London mayor Boris Johnson catches a fair amount of flak for bowling over a 10-year-old boy during a casual rugby match. Organizers of the Tokyo Olympics announce an open competition for the design of the new Olympics logo. In a questionable bid to appeal to foreign tourists, the district of Ebisu promotes a food festival centered on whale meat. In a news conference, UN envoy Maud de Boer-Buquicchio makes the controversial statement that 13 percent of all schoolgirls in Japan engage in enjo kosai (“compensated dating,” a practice that can range from casual conversation to paid sex). The following month, de Boer-Buquicchio retracts her statement under pressure from Japanese government officials and complaints that her figure could not be corroborated with any “official” reports. After years of private deliberations, the Trans-Pacific Partnership is passed.
A small bomb is detonated in a bathroom at the controversial Yasukuni Shrine. No injuries were caused, and a South Korean suspect is arrested the following month. In the first tranche of what might be one of the largest IPOs in the world, the first shares of Japan Post Holdings and its two financial units go onto the market. The privatization of the institution was a major political coup pushed forward by former Prime Minister Koizumi. An artificial intelligence called the Todai Robot Project passes a standardized university exam with higher than average marks. It scores 10 percent higher than human examinees on a test that included questions in math, physics, English, and history.

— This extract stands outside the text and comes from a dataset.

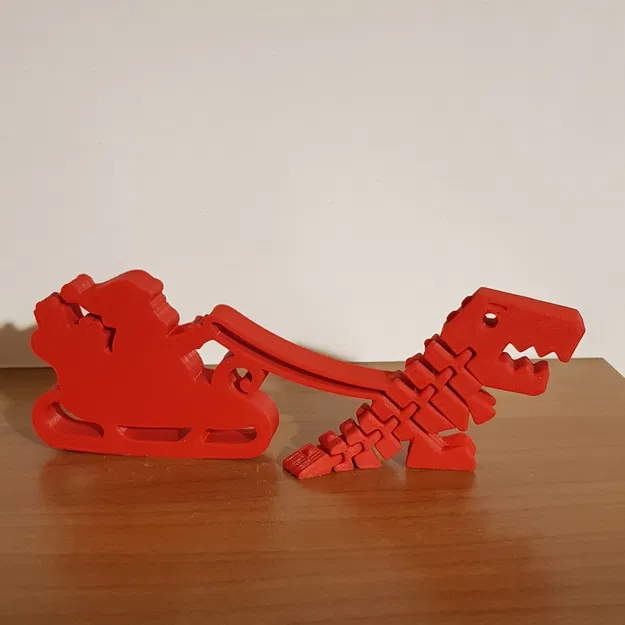 Tê Giác Tái Sinh Lái Xe Trượt Tuyết Ông Già Noel (có file STEP) - Image 1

The Tokyo 2020 Organizing Committee selects a new design for the Olympic stadium. Created by architect Kengo Kuma, the environmentally friendly concept is already raising some hackles for its similarity to Zaha Hadid’s design. Somewhat slow on the heels of the drone scare in April, Tokyo police announce the launch of a drone squad: its unmanned aerial vehicles are tasked with taking down nuisance drones and equipped with nets. The restaurant Tsuta becomes the first ramen establishment to earn a star in the Michelin Guide.